Counting, as a fraction of a group

One of the common operations that I keep coming back to in my data science projects is counting the number of items in a group as a fraction of the total number of items in the group.

For example, in one dataset of marathon runners I have columns for gender and age and also for expected_time, where some runners have indicated their expected finish-time. I’d like to group runners by gender and age and count the percentage of runners (in each group) who provide an expected_time value, to see how it varies with gender and age.

In the past I have always calculated this using division, with two separate groupby operations: one to count the number of runners (by gender and age) with non-null expected_time entries divided by another to count the total number of runners (by gender and age). Straightforward, but not very elegant.

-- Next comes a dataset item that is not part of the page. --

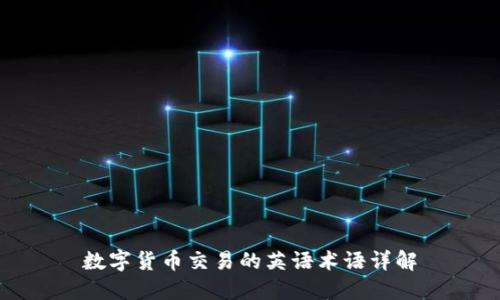 数字货币交易的英语术语详解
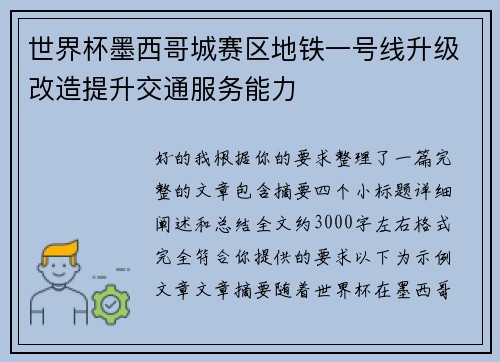 世界杯墨西哥城赛区地铁一号线升级改造提升交通服务能力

I recently came across a better way to do this, based on the fact that the fraction that I want is the same as the mean of non-null values in a boolean data frame, as follows:

df.groupby([‘gender’, ‘age’])[‘expected_time’].apply(
lambda x: x.notnull().mean())

Here, each group is transformed into a boolean dataframe, based on whether expected_time is non-null or not. Since True is considered to be a 1 (and False a 0) then the mean of this boolean dataframe is the fraction of True values (non-null expected_time values). For instance if we have a grouping of 100 runners and 30 of them have provided expected_time values, then the mean will be 30/100, which is exactly the fraction we want.

That’s a lot neater and more efficient. One groupby instead of two and a much more succint piece of code, with less scope for errors … I think.